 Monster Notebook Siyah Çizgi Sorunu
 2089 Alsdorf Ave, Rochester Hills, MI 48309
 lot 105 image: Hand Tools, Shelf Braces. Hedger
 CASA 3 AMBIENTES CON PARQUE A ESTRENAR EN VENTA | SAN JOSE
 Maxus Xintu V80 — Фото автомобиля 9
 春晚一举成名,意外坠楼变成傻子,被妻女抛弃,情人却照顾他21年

★ ★ ★

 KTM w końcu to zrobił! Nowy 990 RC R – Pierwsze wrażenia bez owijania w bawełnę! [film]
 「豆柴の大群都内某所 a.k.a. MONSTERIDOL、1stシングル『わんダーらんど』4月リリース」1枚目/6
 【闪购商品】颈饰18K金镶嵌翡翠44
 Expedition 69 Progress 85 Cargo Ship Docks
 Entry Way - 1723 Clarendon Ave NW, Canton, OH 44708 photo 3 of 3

★ ★ ★

The line above containing "lot 105 image: Hand", the line containing "春晚一举成名,意外坠楼变成傻子,被妻女抛弃,情人却照顾他21年", and every line between them are to be transcribed exactly; no other line is wanted.

SOLUTION FOR THIS TASK ::
 lot 105 image: Hand Tools, Shelf Braces. Hedger
 CASA 3 AMBIENTES CON PARQUE A ESTRENAR EN VENTA | SAN JOSE
 Maxus Xintu V80 — Фото автомобиля 9
 春晚一举成名,意外坠楼变成傻子,被妻女抛弃,情人却照顾他21年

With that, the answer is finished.